Drug Content Uniformity

DRF was measured using a modified RP-HPLC reported technique [25]. The method was validated regarding its accuracy, precision, selectivity, and linearity. The HPLC system was composed of a ZORBAX SB-C18 column 150 × 4.6 mm, particle size: 5 μm kept at ambient temperature (Agilent technologies, Santa Clara, CA), LaChrom D7000 integrator, L-7110 pump, and UV-VIS L-7420 detector (Hitachi, Tokyo, Japan). The mobile phase consisted of acetonitrile: acetate buffer (100 g of ammonium acetate + 4.1 ml of glacial acetic acid in 0.5 l deionized water) containing 2 ml triethylamine (50:50% v/v) and the pH was adjusted to 6 using acetic acid. The analysis was done using an isocratic flow rate of 1 ml/min; chromatograms were recorded at λmax = 230 nm.

An accurate weight of each formula equivalent to 10 mg DRF was dissolved in 10 ml methanol for 10 min. Then, the solution was filtered through 0.22-µm nylon filter membrane and subsequently injected into the abovementioned HPLC system for quantification.

$$\mathrm{Drug}\;\mathrm{content}\;\mathrm{uniformity}=\frac{\mathrm{Actual}\;\mathrm{yield}}{\mathrm{Theoretical}\;\mathrm{yield}}\times100$$

Dispersibility Test

The dispersibility test was carried out to determine the ability of self-assembled LCCN to form cubosomal homogenous dispersion upon dispersion in water.
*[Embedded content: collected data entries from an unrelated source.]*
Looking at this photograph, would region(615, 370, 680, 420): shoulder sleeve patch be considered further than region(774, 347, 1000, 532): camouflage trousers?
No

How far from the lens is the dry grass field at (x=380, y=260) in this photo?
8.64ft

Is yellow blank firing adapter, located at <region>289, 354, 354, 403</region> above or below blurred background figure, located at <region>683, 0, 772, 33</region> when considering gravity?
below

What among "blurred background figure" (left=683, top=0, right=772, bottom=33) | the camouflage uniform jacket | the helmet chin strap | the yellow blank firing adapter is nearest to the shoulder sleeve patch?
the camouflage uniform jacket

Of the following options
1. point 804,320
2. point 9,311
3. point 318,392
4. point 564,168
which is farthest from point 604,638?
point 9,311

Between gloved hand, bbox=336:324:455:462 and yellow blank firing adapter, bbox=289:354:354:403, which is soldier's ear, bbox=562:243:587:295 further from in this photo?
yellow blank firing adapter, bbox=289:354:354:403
The test was performed by placing a beaker containing 20 ml distilled water on a magnetic stirrer at 37 ± 0.5°C to which a known volume (0.1 ml) of each formula was added and stirred at 500 rpm. The ease of dispersion criterion was visually assessed via observing the dispersion medium and calculating the time for complete dispersibility for all formulae. The formula was considered easily dispersed or able to form self-assembled cubosomal homogenous dispersion if completely dispersed in less than 30 min forming clear dispersion without oily globules on surface and no particles were deposited at the bottom [26].

Particle Size, Zeta Potential, and Polydispersity Index (PDI) Determination

An amount of DRF-LCCN equivalent to 5 mg drug was dispersed in 10 ml of distilled water, vortexed for 5 min then diluted in a ratio of 1:10, and subjected to light scattering at 173° in order to measure the vesicles size (z-average) and the polydispersity index (PDI) which are based on the particles’ Brownian motion that caused fluctuation of the scattered light. The zeta potential (ζ) was also measured adopting electrophoresis principle. All results were measured using Zetasizer Nano ZS (model MAM 5000, Malvern instrument limited, Worcestershire, UK) [27].
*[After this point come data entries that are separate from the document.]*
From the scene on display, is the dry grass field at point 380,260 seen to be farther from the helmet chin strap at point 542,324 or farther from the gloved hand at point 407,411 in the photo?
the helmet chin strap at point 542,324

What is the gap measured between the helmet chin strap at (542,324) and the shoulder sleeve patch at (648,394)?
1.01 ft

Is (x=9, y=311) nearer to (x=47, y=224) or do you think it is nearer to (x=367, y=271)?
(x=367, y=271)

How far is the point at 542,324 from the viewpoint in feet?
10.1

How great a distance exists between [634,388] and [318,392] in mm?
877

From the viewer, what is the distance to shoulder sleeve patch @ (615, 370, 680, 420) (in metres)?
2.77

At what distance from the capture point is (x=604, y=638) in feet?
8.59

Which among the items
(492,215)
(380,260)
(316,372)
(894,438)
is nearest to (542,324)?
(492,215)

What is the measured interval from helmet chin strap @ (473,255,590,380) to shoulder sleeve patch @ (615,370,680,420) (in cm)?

In Vitro Release Study of DRF-LCCN

In order to study the drug release from the prepared LCCN, a dialysis method was applied using Spectra/Por® dialysis membrane (12,000–14,000 molecular weight cut-off). The membrane was soaked for 1 h in distilled water to remove any preservative traces before use [28]. The membrane was tied with a thread from both ends like a sac to be filled with DRF-LCCN dispersion. A known volume (equivalent to 5 mg DRF) was dispersed in 2 ml of distilled water, vortexed, and then filled in the dialysis membrane sac. The release was done in 100 ml phosphate buffer saline (PBS, pH = 7.4), in a glass bottle placed in a thermostatically controlled water bath (Model 1083; GLF Corp., Burgwedel, Germany) set at 37°C and 50 strokes per min. At predetermined time intervals (1, 2, 4, 6, 8, and 24 h), 3 ml of the release medium was withdrawn for analysis and replenished with equal volume of release medium to maintain constant volume. Then, aliquots were filtered through 0.22-µm nylon filter membrane and subsequently injected into the abovementioned HPLC system for quantification. Results are the mean values of three in vitro release experiments [18].
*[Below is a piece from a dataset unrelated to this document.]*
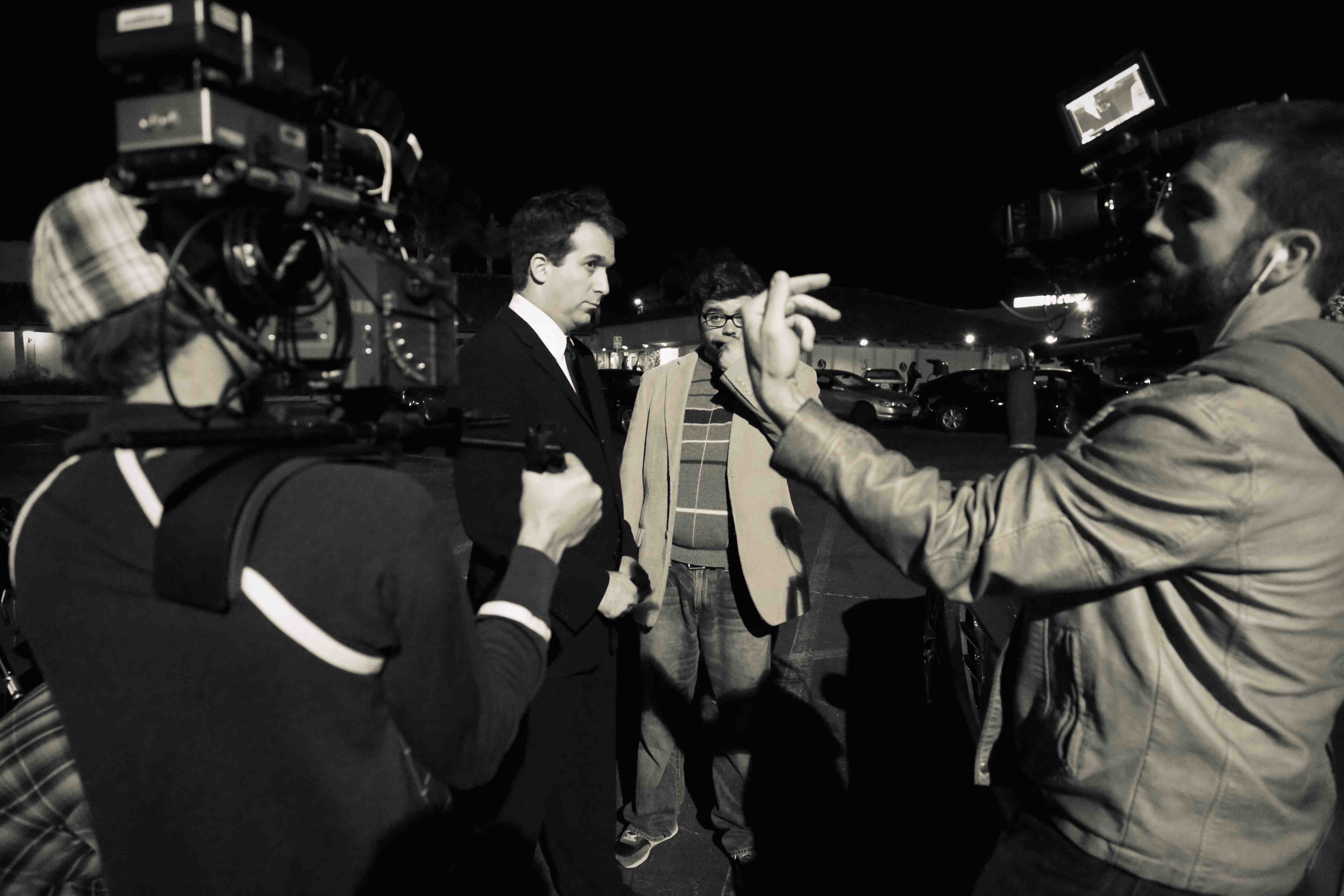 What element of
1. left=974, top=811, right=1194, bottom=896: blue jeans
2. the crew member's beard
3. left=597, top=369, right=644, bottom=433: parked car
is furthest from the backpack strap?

Transmission Electron Microscopy (TEM)

The optimized DRF-LCCN formula equivalent to 5 mg drug was dispersed in 5 ml distilled water to envision the morphological shape of the cubosomal vesicles using TEM (Joel JEM 1400, Tokyo, Japan). The dispersion was furtherly diluted in a ratio of 1:10 with distilled water and filtered through Whatman qualitative filter paper (pore size 11 µm) to remove any aggregates. Consequently, known amount of 1% phosphotungstic acid was added and mixed. Then, the carbon-coated copper grid was impregnated with one drop of the dispersion, allowing drainage of excess sample and the grid was left to dry at ambient temperature till examination [29, 30].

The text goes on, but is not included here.